Le nucléaire et le gaz peuvent-ils être considérés comme des énergies vertes ? Après de longs mois de débats, la Commission européenne tranche la question mercredi 2 février. Tout tourne autour d'un mot : "taxonomie".

Article rédigé par Isabelle Labeyrie
Radio France
Publié
Temps de lecture : 92 min
La centrale nucléaire de Cattenom (Moselle) (ANTOINE BARÈGE / RADIO FRANCE)

La taxonomie, c'est la liste des activités industrielles et des énergies que Bruxelles considère comme vertueuses pour le climat. Des activités et des énergies qui doivent permettre aux européens de réduire les émissions de gaz à effet de serre et d'atteindre la neutralité carbone d'ici 2050.

Cette liste est importante parce qu'elle va permettre d'orienter, de capter les investisseurs privés qui souhaitent se tourner vers les énergies durables. Il y a aussi à la clé une manne financière. Or, faire cette liste a été très compliqué : des mois et des mois de débats, de réflexion, de rapports d'experts et à la fin toujours des désaccords.

Le nucléaire, objet d'un bras de fer entre Paris et Berlin

La France et les pays de l'Est mettent une grosse pression pour que le nucléaire figure sur la liste : leur argument, c'est que cette énergie produit zéro gaz à effet de serre, qu'il fait déjà partie de la transition énergétique et, qu'accessoirement, il permet de protéger les consommateurs de la volatilité des prix (on le voit en ce moment avec l'envolée des prix de l'énergie fossile). Mais c'est surtout dans leur intérêt : Paris, Varsovie ou Budapest se sont engagés dans le développement du nucléaire, ils n'ont que des avantages à le voir considérer comme une énergie durable.

En face, l'Allemagne, suivie notamment par l'Autriche, l'Espagne et le Danemark juge, au contraire, que faire du nucléaire une énergie verte est une hypocrisie totale, du greenwashing, une hérésie environnementale. On ne sait en effet toujours pas comment éliminer les déchets radioactifs et le nucléaire exige un temps trop long face à l'urgence climatique. Certains de ces pays menacent même d'attaquer le texte en justice.

Dans cette Europe où aucun compromis n'est possible sans l'appui de la France et de l'Allemagne, ce bras de fer a bien secoué les institutions. Mais la Commission va céder aux demandes allemandes : les nouvelles centrales devront obtenir un permis de construire avant 2045. Pour les travaux visant à prolonger la durée de vie des centrales, les autorisations devront être obtenues avant 2040. La Commission exigera également des garanties sur le traitement des déchets et le démantèlement des installations.

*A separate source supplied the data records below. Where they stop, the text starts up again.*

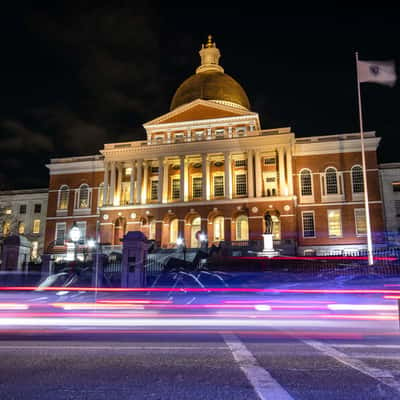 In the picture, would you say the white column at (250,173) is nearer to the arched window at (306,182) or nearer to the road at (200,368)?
the arched window at (306,182)

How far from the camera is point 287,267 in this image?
26.1 metres

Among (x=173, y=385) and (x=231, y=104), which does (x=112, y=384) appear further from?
(x=231, y=104)

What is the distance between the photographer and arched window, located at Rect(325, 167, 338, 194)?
47.6 metres

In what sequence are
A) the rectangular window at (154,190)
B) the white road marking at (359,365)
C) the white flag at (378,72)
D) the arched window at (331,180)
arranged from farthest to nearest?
the rectangular window at (154,190), the arched window at (331,180), the white flag at (378,72), the white road marking at (359,365)

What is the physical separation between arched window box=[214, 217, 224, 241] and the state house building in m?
0.13

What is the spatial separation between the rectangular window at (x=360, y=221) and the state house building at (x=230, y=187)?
12 cm

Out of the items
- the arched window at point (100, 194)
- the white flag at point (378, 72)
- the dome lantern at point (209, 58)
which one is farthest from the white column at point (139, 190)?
the white flag at point (378, 72)

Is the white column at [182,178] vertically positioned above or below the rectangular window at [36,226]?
above

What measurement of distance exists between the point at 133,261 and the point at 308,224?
99.5ft

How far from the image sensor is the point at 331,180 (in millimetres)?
47906

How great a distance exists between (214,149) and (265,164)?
656 cm

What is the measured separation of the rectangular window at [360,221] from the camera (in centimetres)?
4559

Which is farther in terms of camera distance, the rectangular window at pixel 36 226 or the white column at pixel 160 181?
the rectangular window at pixel 36 226

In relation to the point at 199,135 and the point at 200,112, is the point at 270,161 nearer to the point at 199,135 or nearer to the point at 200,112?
the point at 199,135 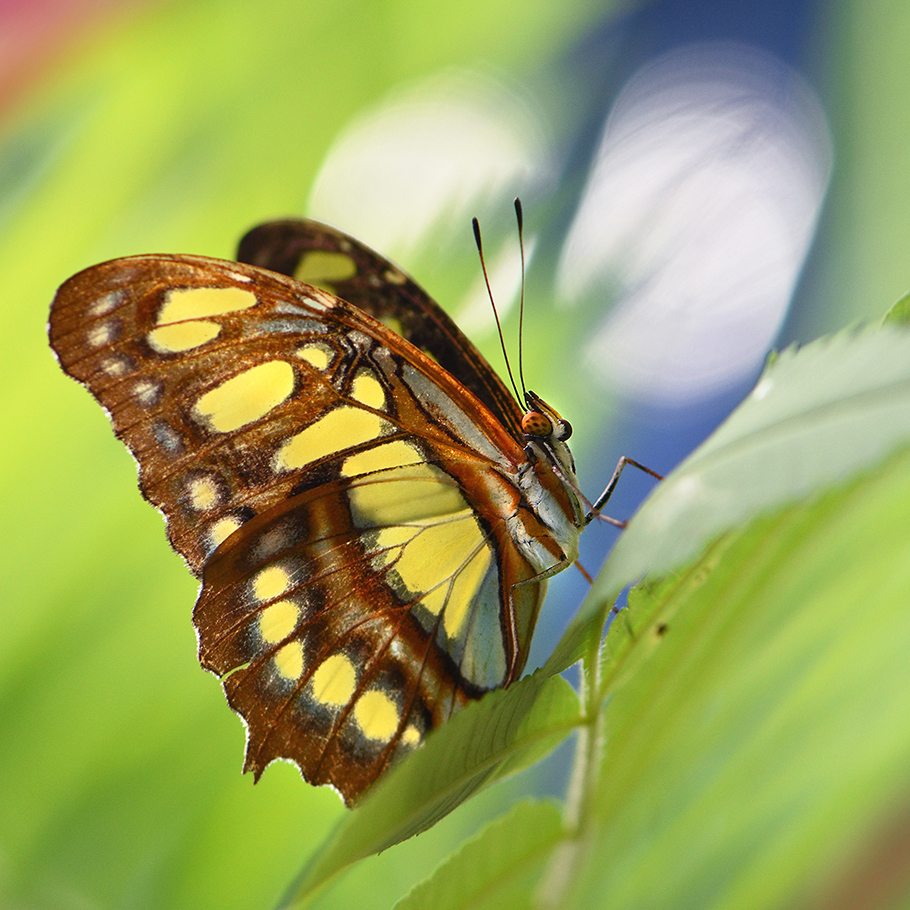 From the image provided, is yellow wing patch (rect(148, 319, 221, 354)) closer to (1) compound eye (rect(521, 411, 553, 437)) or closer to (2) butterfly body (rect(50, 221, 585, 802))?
(2) butterfly body (rect(50, 221, 585, 802))

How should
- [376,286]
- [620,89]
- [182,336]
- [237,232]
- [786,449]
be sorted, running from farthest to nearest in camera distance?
[620,89]
[237,232]
[376,286]
[182,336]
[786,449]

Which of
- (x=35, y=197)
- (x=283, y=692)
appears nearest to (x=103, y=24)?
(x=35, y=197)

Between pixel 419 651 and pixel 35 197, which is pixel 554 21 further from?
pixel 419 651

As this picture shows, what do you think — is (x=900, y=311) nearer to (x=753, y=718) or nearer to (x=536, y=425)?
(x=753, y=718)

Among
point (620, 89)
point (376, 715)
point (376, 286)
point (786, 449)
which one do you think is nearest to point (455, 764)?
point (786, 449)

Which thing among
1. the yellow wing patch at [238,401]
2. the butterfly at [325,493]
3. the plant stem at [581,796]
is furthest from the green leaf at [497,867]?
the yellow wing patch at [238,401]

Le gaz, "énergie de transition"

Sur le gaz, c'est un petit peu différent : le gaz est un combustible fossile. Ce n'est pas du tout une énergie durable, et là-dessus tout le monde est d'accord. Sauf qu'on n'a pas trouvé meilleur moyen pour sortir rapidement du charbon qui, lui, est deux fois plus polluant. Poussée par l'Allemagne, la Commission européenne devrait donc inclure le gaz dans sa liste, en le classant non pas comme une énergie verte mais comme une énergie de transition.

Il y aura toutefois quelques conditions. Les États devront notamment s'engager à remplacer totalement le gaz naturel par du gaz renouvelable ou de l'hydrogène d'ici 2035. Mais Berlin a obtenu des concessions pour rendre cette "transition" plus douce : il n'y aura plus de calendrier contraignant.

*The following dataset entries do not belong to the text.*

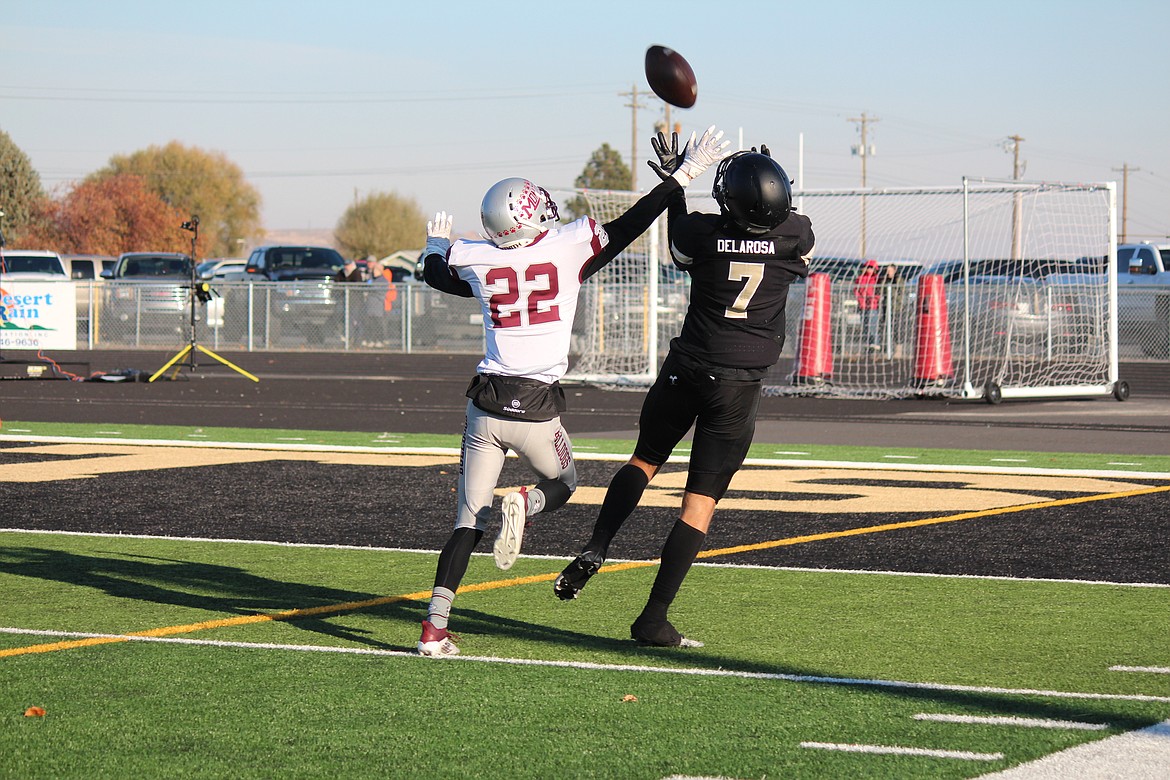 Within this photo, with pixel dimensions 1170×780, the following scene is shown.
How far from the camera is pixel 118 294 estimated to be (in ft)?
130

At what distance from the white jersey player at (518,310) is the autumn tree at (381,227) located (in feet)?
368

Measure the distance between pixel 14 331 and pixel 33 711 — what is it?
22.5 meters

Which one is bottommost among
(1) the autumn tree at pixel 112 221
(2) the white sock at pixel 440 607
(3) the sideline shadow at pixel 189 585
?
(3) the sideline shadow at pixel 189 585

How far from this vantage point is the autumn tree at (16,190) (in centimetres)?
8462

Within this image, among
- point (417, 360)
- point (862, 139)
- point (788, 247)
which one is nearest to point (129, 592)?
point (788, 247)

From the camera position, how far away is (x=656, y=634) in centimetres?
661

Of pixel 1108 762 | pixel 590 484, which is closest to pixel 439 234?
pixel 1108 762

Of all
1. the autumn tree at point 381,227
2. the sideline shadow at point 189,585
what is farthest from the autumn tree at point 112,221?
the sideline shadow at point 189,585

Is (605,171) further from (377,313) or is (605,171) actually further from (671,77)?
(671,77)

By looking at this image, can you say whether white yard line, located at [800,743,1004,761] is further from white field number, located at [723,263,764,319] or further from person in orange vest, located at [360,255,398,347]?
person in orange vest, located at [360,255,398,347]

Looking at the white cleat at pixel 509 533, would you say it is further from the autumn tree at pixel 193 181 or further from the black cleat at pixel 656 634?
the autumn tree at pixel 193 181

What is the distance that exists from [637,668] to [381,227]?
114998mm

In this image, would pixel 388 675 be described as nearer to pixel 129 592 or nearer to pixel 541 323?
pixel 541 323

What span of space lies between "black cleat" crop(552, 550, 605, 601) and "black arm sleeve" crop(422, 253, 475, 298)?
1176mm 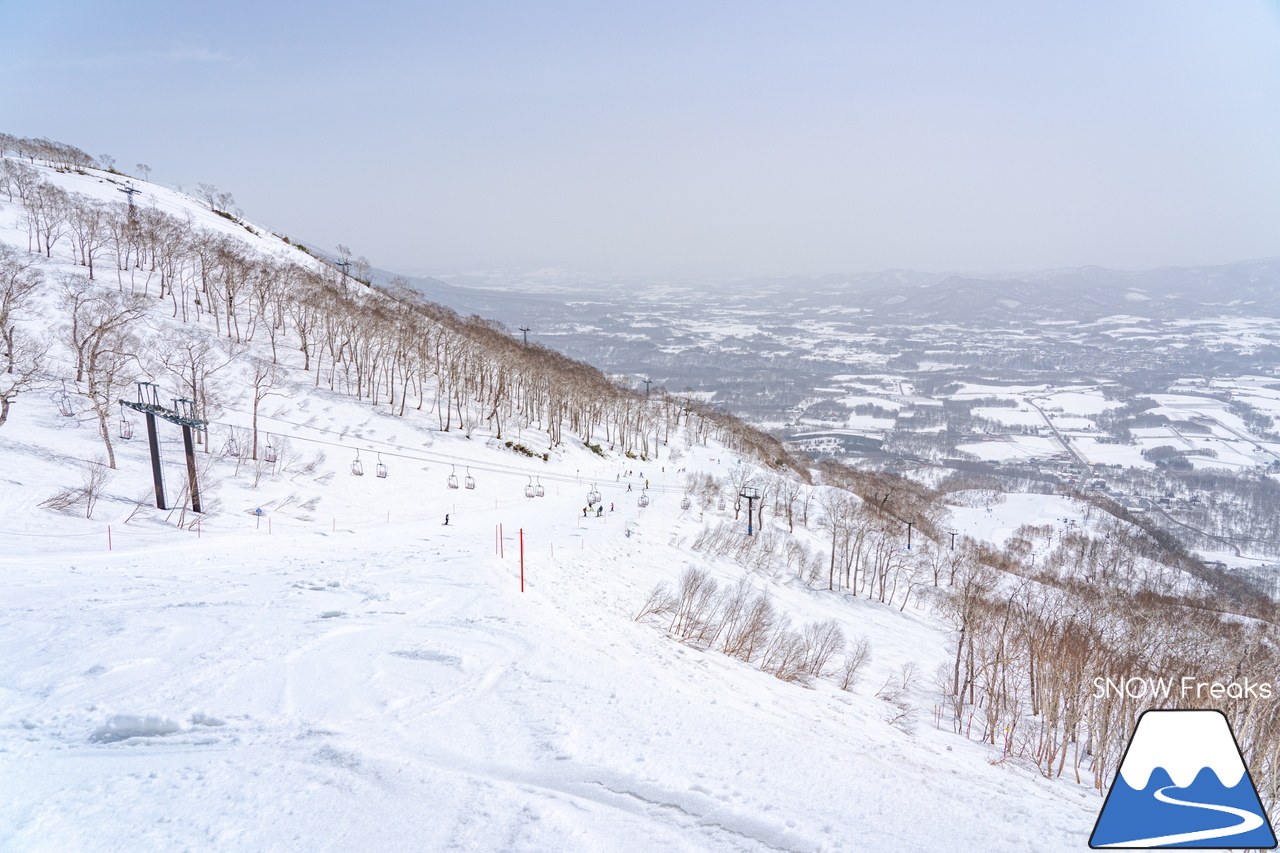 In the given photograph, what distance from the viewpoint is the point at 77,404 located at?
126ft

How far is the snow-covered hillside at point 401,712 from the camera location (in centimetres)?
1005

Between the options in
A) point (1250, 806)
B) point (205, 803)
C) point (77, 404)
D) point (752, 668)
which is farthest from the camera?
point (77, 404)

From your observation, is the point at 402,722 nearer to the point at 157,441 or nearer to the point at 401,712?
the point at 401,712

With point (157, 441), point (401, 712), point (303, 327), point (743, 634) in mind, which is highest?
point (303, 327)

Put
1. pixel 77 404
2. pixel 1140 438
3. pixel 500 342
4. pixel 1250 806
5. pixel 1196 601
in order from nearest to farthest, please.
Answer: pixel 1250 806 < pixel 77 404 < pixel 1196 601 < pixel 500 342 < pixel 1140 438

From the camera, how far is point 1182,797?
812cm

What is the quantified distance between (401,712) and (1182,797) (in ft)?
45.8

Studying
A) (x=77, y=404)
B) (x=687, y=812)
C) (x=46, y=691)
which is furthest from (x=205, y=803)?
(x=77, y=404)

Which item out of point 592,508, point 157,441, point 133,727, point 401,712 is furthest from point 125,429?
point 401,712

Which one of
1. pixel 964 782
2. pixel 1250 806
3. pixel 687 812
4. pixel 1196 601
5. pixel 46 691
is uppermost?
pixel 1250 806

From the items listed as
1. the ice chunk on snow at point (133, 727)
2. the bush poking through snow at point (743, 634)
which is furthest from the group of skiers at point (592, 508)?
the ice chunk on snow at point (133, 727)

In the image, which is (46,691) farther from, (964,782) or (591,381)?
(591,381)

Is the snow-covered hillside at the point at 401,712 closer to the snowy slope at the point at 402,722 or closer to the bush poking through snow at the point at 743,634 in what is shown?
the snowy slope at the point at 402,722

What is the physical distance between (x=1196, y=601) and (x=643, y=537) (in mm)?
56226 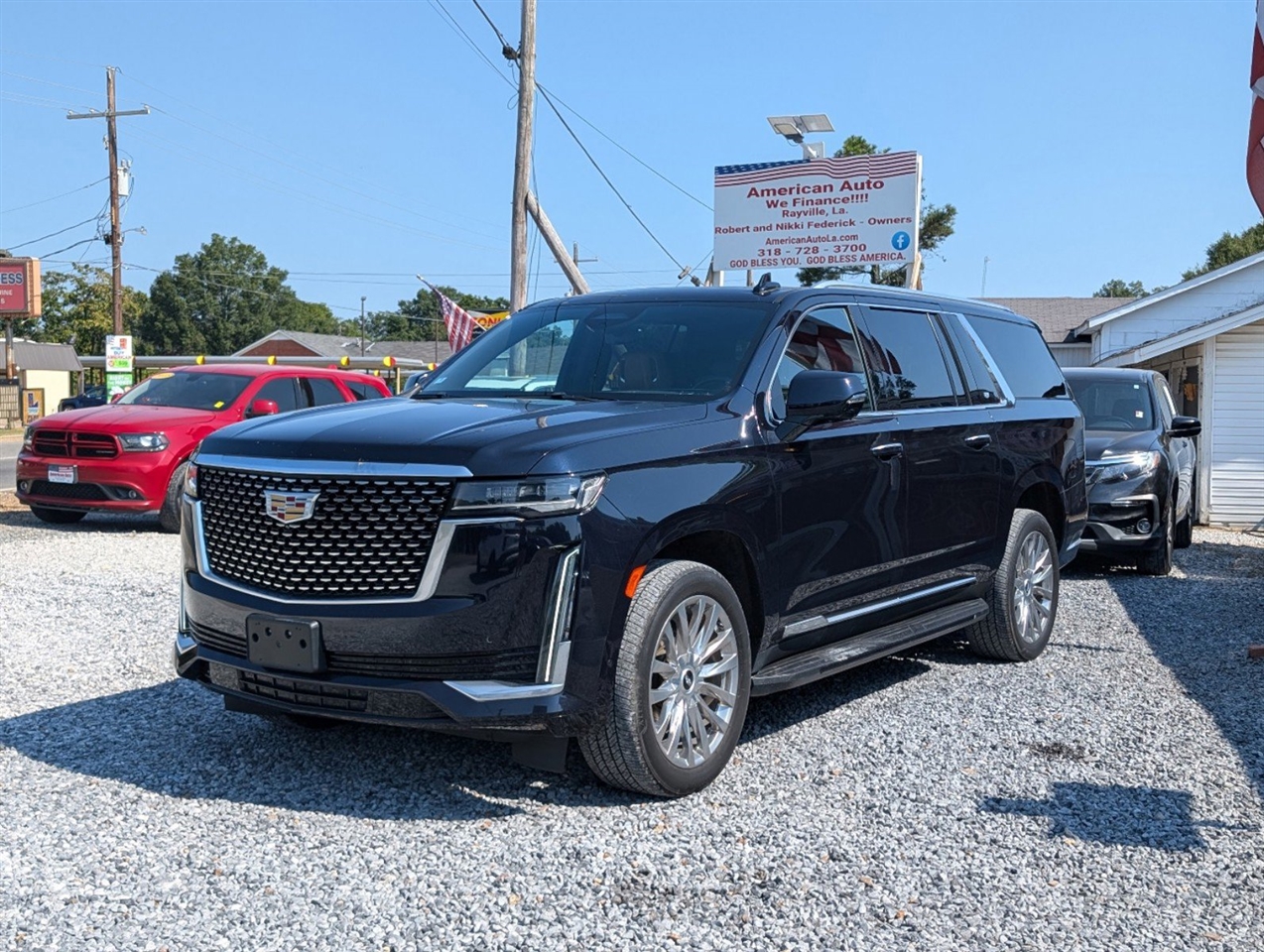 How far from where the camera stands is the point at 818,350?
230 inches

Initialement il était prévu au moins 30% de gaz renouvelable (ou à faible teneur en carbone) en 2026 et au moins 55% en 2030, objectifs irréalistes pour les Allemands, les Slovaques et les industriels français. Par ailleurs, les seuils d’émissions de CO2 sont fixés à moins de 100g de CO2/kwh. Inatteignable avec les technologies actuelles. Pour les centrales à gaz qui auront obtenu leur permis avant le 31 décembre 2030, ce seuil devrait donc être relevé à 270gr de CO2/kwh. 

Une fois que la Commission publiera son texte, la fameuse liste sera définitivement adoptée d'ici quatre mois. Sauf si moins 20 pays sur 27 s'y opposent - un scénario assez improbable -, ou si les eurodéputés votent majoritairement contre au Parlement. Mais les groupes sont loin d'être sur la même ligne. La "bulle" se prépare à d'intenses discussions.